New China Tariffs: See Which Cars It Could Affect

2019 Buick Envision

Amid new tariffs on Chinese imports by the Trump administration, it's unclear what will happen to cars and SUVs imported from the world's most populous country. Actions Thursday by the U.S. Customs and Border Protection authorized immediate tariffs on 818 different Chinese product classifications worth some $34 billion per year. Trump's new tariffs are a steep 25 percent, a tenfold increase versus the 2.5 percent levied against cars imported from China before Friday. These trade tariffs could have long-ranging effects for current and future cars from vehicle brands like Buick, Cadillac, Volvo and Ford.

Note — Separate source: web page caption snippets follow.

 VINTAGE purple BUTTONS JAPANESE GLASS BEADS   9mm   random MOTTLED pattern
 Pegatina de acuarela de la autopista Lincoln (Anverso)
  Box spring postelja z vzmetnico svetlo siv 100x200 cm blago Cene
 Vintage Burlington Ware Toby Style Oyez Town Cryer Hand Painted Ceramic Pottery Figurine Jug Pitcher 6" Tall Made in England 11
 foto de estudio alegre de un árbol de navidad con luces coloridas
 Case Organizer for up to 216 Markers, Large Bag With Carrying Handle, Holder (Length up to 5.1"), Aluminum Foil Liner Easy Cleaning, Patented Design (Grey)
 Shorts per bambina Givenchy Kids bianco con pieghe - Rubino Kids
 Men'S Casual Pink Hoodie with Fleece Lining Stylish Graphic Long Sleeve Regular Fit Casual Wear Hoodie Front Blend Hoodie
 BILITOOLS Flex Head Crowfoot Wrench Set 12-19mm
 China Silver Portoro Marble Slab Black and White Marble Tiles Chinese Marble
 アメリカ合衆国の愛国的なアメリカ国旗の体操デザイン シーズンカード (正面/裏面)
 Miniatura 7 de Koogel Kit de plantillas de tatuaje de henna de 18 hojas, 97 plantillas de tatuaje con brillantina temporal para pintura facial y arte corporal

Related: Trump Tariffs Could Cost You Bigly: Nearly $6K on Almost Half of All Cars

Buick Envision

The Envision is Buick's third most popular model, behind only the Enclave and Encore SUVs in sales through the first half of this year. But its future — or, at least, the future of its price — is uncertain. 

The SUVs "will be impacted by the new tariff, and were previously subject to the lesser tariffs," spokeswoman Dayna Hart wrote in an email to Cars.com on Friday. Reached later by phone, Hart said GM is "still looking at [the situation] and evaluating scenarios and costs" regarding the Envision.

What could those increases look like? It's hard to say. Kristin Dziczek, vice president of industry, labor and economics at the Michigan-based Center for Automotive Research, explained in June that tariffs are generally imposed before U.S. customs releases a car from its port of entry — in essence, between when it's off the boat but not yet on a train or truck heading to dealerships.

"The trade tariff applies to the invoice [price], not to the purchase price, and the tariffs are calculated by whoever owns the product at that time," Dziczek told Cars.com. "It could be the manufacturer. In the case of cars, it often is, but sometimes there are customs brokers that are bringing in other goods."

The Envision is into its 2019 model year right now, and invoice prices range from $31,899 to $41,507. That means the import tariff alone could add some $8,000 to $10,000. Will General Motors pass any of that along to shoppers?

"At this point, there have been no decisions made regarding any price increases," Hart said. Chinese-built cars account for "only around 1 percent of General Motors' U.S. sales," she added.

Cadillac CT6 Plug-In (No Longer Being Imported) 

Other cars sold here also hail from China, albeit in limited or declining supply. Plug-in hybrid versions of the Cadillac CT6 sedan were built in China until recently, but parent company GM has stopped importing them. Cadillac spokesman Andrew Lipman said there was "no connection" between the new tariffs and GM's decision, which he said the automaker made earlier. GM builds non-hybrid versions of the CT6 in Detroit. Could it build the CT6 Plug-In hybrid here, too?

"We haven't announced anything on this yet," Lipman said.

Volvo S90 

Volvo, meanwhile, has exported long-wheelbase versions of its S60 sedan from southwest China since 2015, but a redesign on the nameplate brought production for the U.S. market to South Carolina in June. Still, the Swedish automaker — owned by Chinese automaker Zhejiang Geely Holding Group — has been exporting its S90 flagship sedan from a plant in northern China since late 2016.

Asked what the automaker plans to do about the tariffs, two Volvo spokespeople did not respond to our messages.

Ford Focus

The tariffs have implications for future cars, too. Ford announced plans in June to eventually import the next-generation Focus from China rather than building it in North America. Asked if those plans are now in flux, a spokesperson didn't provide an immediate answer.

Cars Built With Chinese Parts

It wasn't immediately clear if Friday's duties would add tariffs to cars with Chinese parts but not necessarily Chinese assembly. Dziczek warned that such action is likely if tariffs come into play for all imported cars.

Which cars with Chinese content might be hit? The American Automobile Labeling Act gives some answers. The decades-old legislation requires automakers to report major sources of foreign content within the equipment of each light-duty car sold stateside. According to data for the 2018 model year published by the National Highway Traffic Safety Administration, Chinese parts are responsible for 17 percent of the Buick Encore and 86 percent of the Envision, plus 31 percent of the content in the Cadillac CT6 and large portions of the Volvo S90 and outgoing S60. Isolated components — from certain engines for the Toyota RAV4 to certain transmission for the Ford Focus — are also from China, per AALA data. 

Asked about tariff implications on Chinese automotive content, a representative for the U.S. Customs and Border Protection did not respond.